▸ **Problem requirements**
Please return the full listing exactly as written, with the images removed.
Exercise data below:
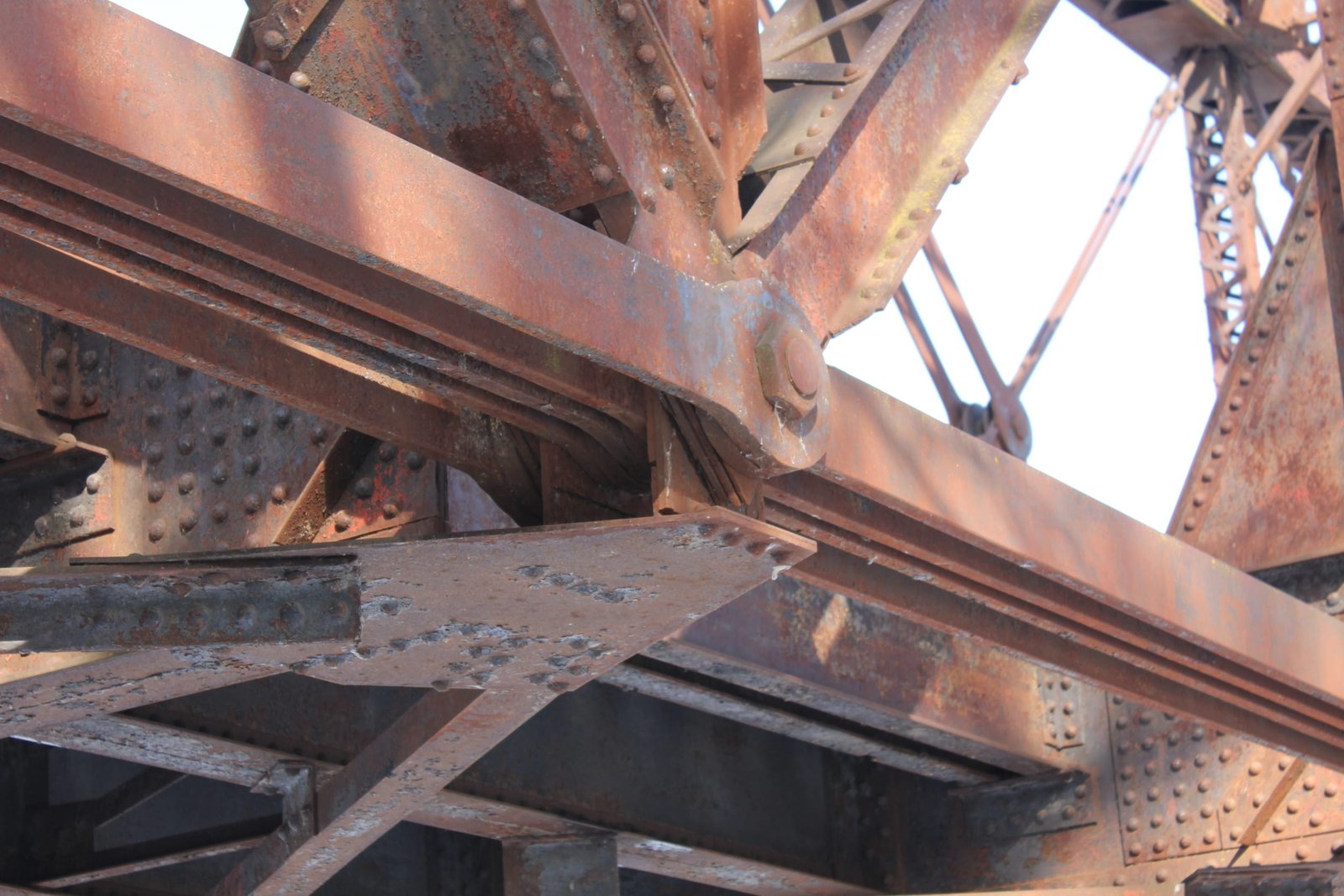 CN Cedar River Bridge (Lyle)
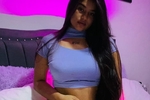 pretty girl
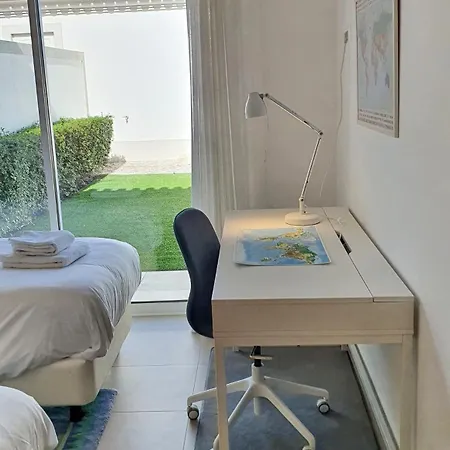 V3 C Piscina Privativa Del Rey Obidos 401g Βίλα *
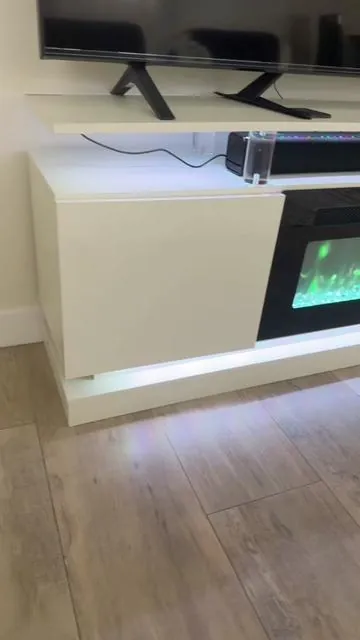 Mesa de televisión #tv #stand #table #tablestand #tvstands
End of Exercise data.
▸ **Written solution**
 CN Cedar River Bridge (Lyle)
 pretty girl
 V3 C Piscina Privativa Del Rey Obidos 401g Βίλα *
 Mesa de televisión #tv #stand #table #tablestand #tvstands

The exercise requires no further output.